Records for this exercise Block Start

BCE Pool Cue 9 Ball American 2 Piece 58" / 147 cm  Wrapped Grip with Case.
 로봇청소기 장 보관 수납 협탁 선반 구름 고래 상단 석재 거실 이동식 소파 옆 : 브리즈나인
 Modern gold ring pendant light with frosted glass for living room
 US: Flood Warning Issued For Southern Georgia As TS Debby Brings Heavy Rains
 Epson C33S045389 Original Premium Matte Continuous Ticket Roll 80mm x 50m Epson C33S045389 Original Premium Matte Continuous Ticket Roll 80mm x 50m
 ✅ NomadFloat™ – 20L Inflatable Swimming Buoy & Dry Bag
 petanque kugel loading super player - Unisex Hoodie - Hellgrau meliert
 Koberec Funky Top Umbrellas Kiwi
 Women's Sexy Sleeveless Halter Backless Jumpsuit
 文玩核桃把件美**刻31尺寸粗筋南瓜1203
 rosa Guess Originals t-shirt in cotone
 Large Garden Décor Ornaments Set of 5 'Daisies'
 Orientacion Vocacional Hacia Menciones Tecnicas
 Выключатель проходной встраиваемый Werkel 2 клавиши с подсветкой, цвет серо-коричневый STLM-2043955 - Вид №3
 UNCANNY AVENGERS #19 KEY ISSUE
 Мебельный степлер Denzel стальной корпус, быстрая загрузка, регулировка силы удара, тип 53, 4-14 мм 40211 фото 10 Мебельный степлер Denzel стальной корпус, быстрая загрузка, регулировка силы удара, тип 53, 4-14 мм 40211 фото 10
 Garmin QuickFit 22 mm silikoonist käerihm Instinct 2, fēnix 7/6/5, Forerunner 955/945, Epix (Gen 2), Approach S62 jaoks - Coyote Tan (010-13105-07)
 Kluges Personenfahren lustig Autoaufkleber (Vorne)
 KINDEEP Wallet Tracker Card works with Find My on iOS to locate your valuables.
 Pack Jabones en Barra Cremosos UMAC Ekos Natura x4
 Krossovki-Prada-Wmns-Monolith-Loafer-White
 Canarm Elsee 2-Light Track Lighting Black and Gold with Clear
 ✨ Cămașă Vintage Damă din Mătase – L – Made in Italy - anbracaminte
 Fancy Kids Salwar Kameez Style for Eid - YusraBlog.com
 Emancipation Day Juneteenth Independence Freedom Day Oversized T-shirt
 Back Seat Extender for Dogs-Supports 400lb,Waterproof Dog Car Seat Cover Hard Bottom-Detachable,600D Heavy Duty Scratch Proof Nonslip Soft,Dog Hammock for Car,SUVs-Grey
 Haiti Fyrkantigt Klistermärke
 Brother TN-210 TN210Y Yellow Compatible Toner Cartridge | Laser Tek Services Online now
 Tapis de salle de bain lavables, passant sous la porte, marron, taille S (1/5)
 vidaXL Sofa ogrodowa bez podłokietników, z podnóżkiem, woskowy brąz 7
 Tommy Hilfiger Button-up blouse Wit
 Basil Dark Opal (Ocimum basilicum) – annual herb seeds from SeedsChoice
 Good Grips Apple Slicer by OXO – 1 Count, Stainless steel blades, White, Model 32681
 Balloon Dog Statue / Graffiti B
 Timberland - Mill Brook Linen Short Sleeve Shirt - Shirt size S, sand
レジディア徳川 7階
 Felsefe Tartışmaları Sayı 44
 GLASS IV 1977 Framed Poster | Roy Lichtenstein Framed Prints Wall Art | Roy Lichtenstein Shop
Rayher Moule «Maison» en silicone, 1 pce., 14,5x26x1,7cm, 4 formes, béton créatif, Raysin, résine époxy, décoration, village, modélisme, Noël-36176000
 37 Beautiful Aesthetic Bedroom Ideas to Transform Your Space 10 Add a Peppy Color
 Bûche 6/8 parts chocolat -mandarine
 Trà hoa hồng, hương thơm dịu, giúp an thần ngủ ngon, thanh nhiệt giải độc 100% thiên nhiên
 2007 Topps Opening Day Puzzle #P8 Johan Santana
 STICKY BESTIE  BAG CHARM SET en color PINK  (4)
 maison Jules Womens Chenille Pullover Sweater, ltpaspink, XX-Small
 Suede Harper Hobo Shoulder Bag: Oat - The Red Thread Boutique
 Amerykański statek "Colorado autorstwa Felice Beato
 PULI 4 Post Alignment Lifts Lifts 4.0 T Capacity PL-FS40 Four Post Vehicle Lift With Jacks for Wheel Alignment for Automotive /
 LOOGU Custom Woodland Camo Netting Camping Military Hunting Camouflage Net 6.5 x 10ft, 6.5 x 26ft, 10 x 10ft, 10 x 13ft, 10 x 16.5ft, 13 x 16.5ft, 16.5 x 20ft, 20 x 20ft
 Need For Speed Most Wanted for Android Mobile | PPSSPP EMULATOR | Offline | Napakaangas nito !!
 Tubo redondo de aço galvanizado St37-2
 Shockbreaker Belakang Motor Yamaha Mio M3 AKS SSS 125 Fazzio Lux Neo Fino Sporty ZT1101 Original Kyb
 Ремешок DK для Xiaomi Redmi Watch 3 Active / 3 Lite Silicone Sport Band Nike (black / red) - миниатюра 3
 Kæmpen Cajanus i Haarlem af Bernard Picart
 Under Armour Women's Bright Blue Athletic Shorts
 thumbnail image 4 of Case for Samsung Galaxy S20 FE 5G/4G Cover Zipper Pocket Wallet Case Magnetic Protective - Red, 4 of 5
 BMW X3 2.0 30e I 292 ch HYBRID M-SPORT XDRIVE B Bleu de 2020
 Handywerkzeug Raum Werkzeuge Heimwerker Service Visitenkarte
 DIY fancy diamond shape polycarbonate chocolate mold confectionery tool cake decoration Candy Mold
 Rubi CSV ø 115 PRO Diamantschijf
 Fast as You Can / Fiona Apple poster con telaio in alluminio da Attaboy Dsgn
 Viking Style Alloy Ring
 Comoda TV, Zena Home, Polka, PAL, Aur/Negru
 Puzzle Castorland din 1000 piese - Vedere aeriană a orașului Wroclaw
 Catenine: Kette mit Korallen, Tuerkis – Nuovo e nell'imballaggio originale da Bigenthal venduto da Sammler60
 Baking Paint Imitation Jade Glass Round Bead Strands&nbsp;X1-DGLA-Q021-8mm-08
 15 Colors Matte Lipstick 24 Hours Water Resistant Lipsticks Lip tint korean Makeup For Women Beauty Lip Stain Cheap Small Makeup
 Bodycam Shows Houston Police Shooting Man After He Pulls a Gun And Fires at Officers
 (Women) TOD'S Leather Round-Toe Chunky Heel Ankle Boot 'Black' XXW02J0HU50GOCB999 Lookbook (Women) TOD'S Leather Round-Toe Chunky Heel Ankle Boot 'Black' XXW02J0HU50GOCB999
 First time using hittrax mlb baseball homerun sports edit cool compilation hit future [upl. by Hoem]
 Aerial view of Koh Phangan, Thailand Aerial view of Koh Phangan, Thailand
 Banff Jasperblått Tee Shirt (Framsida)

Records for this exercise Block End

- **Your objective**:
Reproduce exactly the section above that begins at the line containing "Handywerkzeug Raum Werkzeuge" and ends at the line containing "15 Colors Matte", leaving out all other lines.

- **Reply**:
 Handywerkzeug Raum Werkzeuge Heimwerker Service Visitenkarte
 DIY fancy diamond shape polycarbonate chocolate mold confectionery tool cake decoration Candy Mold
 Rubi CSV ø 115 PRO Diamantschijf
 Fast as You Can / Fiona Apple poster con telaio in alluminio da Attaboy Dsgn
 Viking Style Alloy Ring
 Comoda TV, Zena Home, Polka, PAL, Aur/Negru
 Puzzle Castorland din 1000 piese - Vedere aeriană a orașului Wroclaw
 Catenine: Kette mit Korallen, Tuerkis – Nuovo e nell'imballaggio originale da Bigenthal venduto da Sammler60
 Baking Paint Imitation Jade Glass Round Bead Strands&nbsp;X1-DGLA-Q021-8mm-08
 15 Colors Matte Lipstick 24 Hours Water Resistant Lipsticks Lip tint korean Makeup For Women Beauty Lip Stain Cheap Small Makeup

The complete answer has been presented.